Directions for this task
Which lines of the records hold the string "with"? Report only how many of them there are.

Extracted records

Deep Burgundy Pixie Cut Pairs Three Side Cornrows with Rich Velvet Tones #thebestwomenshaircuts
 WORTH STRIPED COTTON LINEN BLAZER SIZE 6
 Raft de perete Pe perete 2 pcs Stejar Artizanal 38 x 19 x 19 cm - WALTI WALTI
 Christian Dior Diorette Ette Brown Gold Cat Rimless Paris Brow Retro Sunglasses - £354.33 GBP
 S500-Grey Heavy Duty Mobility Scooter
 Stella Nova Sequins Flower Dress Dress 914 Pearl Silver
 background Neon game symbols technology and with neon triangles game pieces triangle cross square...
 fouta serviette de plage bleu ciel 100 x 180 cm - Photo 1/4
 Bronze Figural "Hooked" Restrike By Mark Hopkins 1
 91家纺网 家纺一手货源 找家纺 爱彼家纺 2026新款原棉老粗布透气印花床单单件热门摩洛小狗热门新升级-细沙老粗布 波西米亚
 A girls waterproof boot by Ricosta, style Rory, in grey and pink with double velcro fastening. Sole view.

Response box
3